[How to complete this task]: Beginning with the line that holds "baños en porriño" and ending with the last line below, please copy every line exactly, add nothing, and leave out the pictures.

[Data records]:
════════

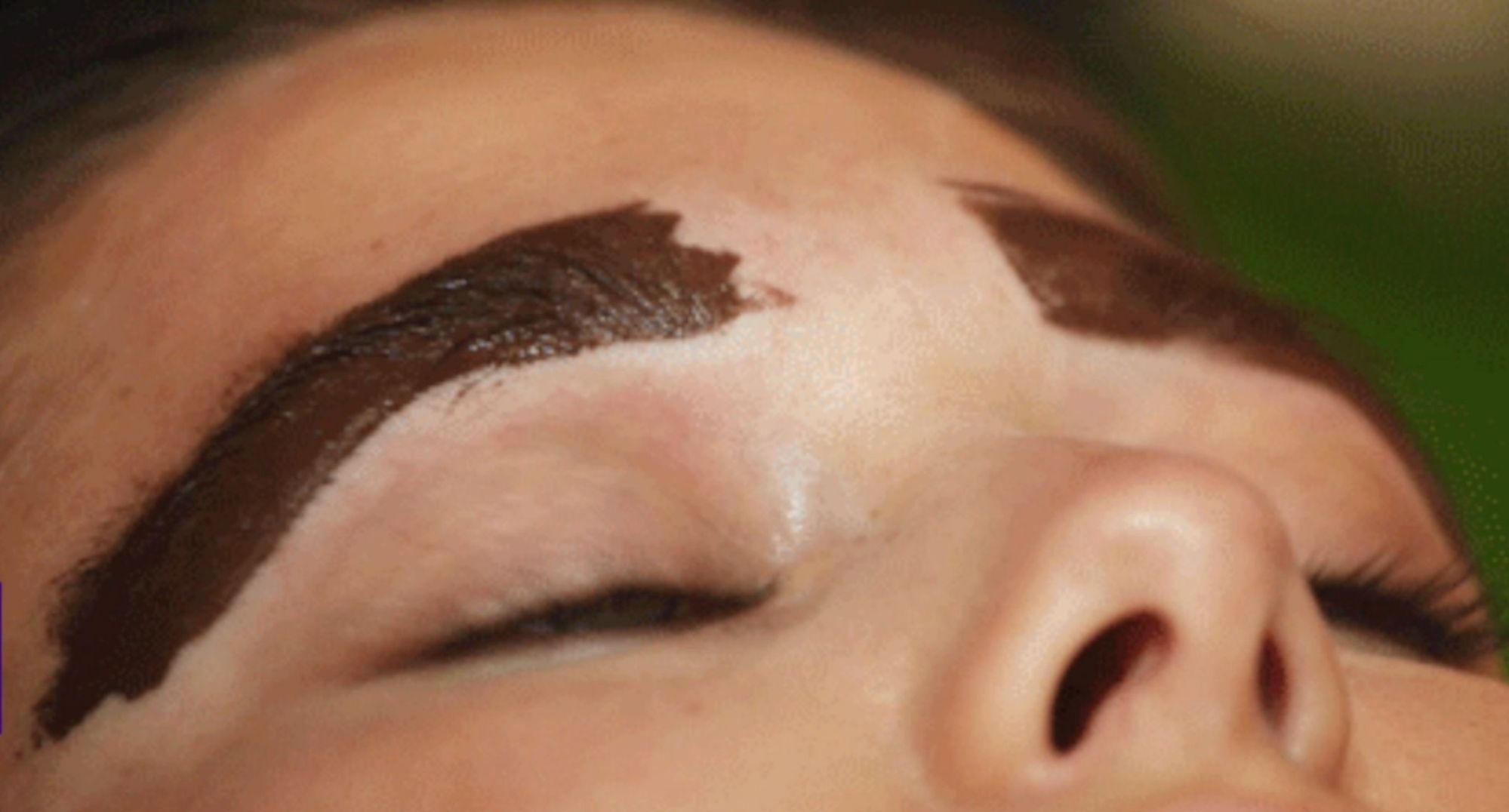 O Tribunal de Justiça de Goiás (TJGO) negou indenização a uma cliente que não gostou do resultado de um procedimento realizado na sobrancelha. (Foto ilustrativa: reprodução/Yahoo)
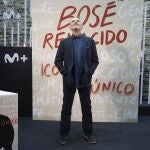 El cantante Miguel Bosé posa a su llegada a la presentación de la producción ‘Bosé Renacidoí de Movistar Plus+, en la XV edición del Festival de Televisión FesTVal de Vitoria, a 5 de septiembre de 2023.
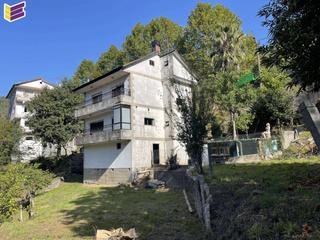 Chalet  Carreira. Casa de 3 dormitorios y 2 baños en porriño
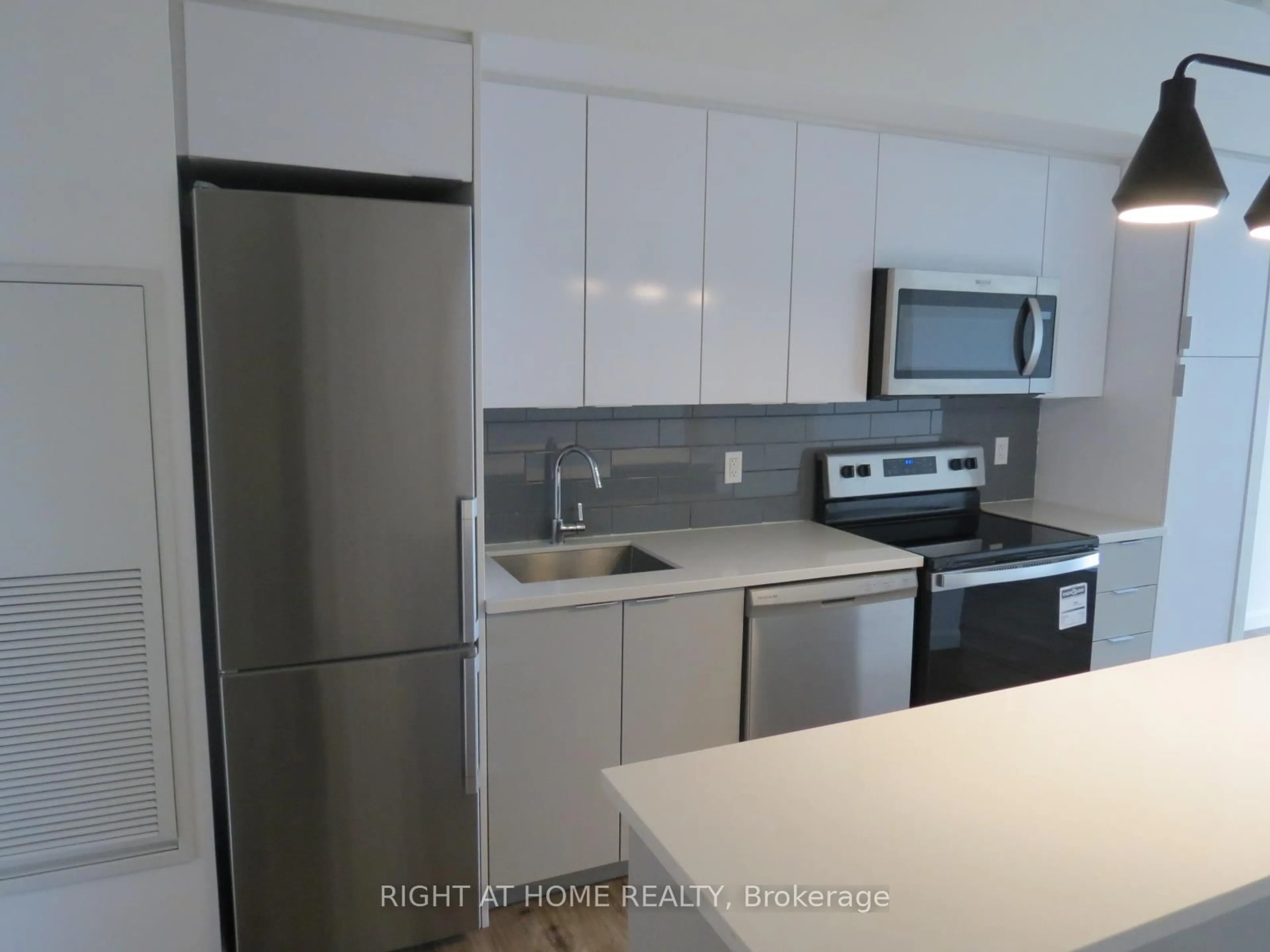 Standard kitchen, unknown for 7 Erie Ave #704, Brantford Ontario N3S 2E7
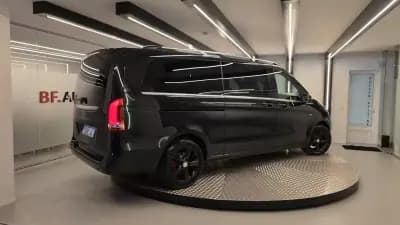 Vendo Mercedes-Benz V 220 2016 - 29900 EUR, 321809 km - AUTO.MOTO.pt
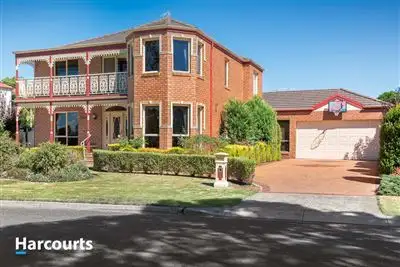 19 Louise Baille Avenue, Narre Warren South VIC 3805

════════

[Answer box]:
 Chalet  Carreira. Casa de 3 dormitorios y 2 baños en porriño
 Standard kitchen, unknown for 7 Erie Ave #704, Brantford Ontario N3S 2E7
 Vendo Mercedes-Benz V 220 2016 - 29900 EUR, 321809 km - AUTO.MOTO.pt
 19 Louise Baille Avenue, Narre Warren South VIC 3805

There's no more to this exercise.